If Nate’s not around, Grizz will accept me as a substitute playmate but the whimpering won’t stop for about 40 minutes. It’s apparently to convince me of Grizz’ callous abandonment by his REAL parent. (And yet I’m doing NOTHING about it, can you believe the sheer cruelty?)
Grizz can’t be in the forge–no one wants to even think about tripping over a large puppy while holding red-hot steel–but he sure as heck knows where it is, and that Nathan likely is inside. Yesterday I spent time in the enameling studio while Nathan was out back, blacksmithing Christmas presents. Every time I took Grizz out back to relieve himself he made a beeline for the studio shed, barking and scratching at the door for his human.

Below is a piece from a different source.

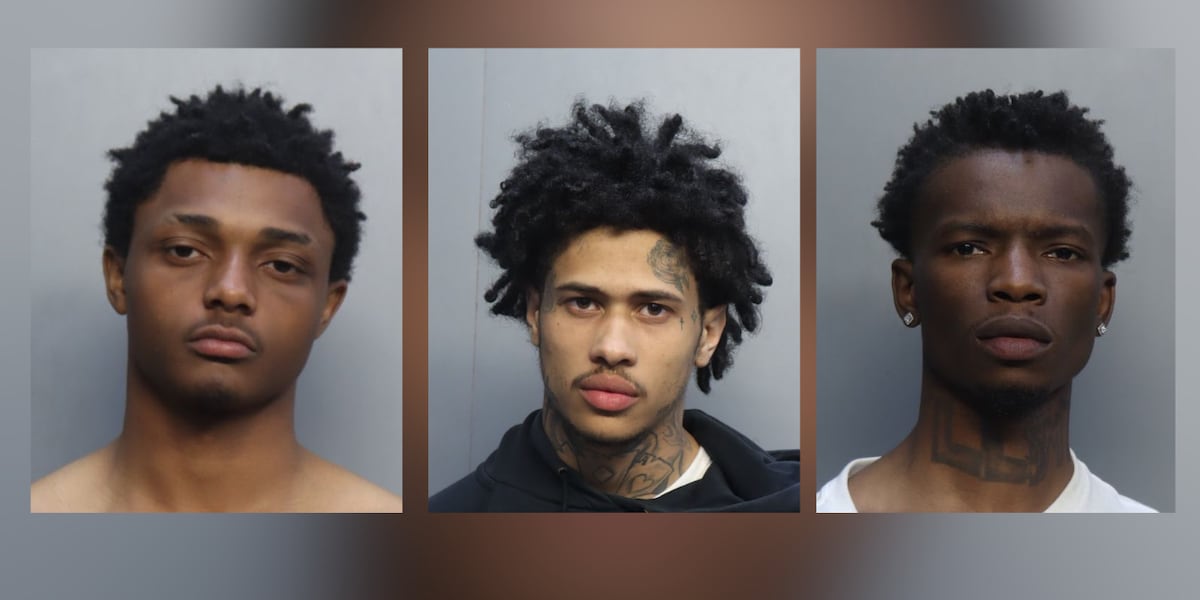 3 Georgia men accused of breaking into ‘Real Housewives of Miami’ star’s home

Inside, Grizz will run to Nathan’s chair, rise up on his hind legs and search the cushions with his nose, apparently in the belief that Nathan has slipped between the cushions.
Rule #6: There is no such thing as an indestructible dog toy
If there were, why would the pet store sell refills for an “everlasting, virtually indestructible” chew toy?
Nathan tells me about a time he watched a German Shepherd chew through a chain link fence just to have a playdate with another dog. Did I mention our backyard fence is chain link?
I’m hoping that puppy toy manufacturers are aware of this and construct their toys accordingly. So far, there is little sign of that.
Toys made for chewing don’t hold Grizz’ interest for more than a second or two…unless you’re spinning it on your finger. Grizz immediately jumps for…your finger. I can’t fault his intelligence, but those little teeth are SHARP.
Grizz bites EVERYTHING. There’s no malice in it; chomping is apparently Grizz’ way of playing. Or expressing affection. Or exploring.
Ouch. Nathan has explained that I need to stop logically reasoning with Grizz and develop an angry voice, like a doggimamma. NO BITE, NO BITE!!! Grab him by the scruff of the neck, force his head down and hold him there until he settles, then give him a toy as a substitute finger.
Working on that. Sigh. I suspect giving birth (to a human) would be simpler.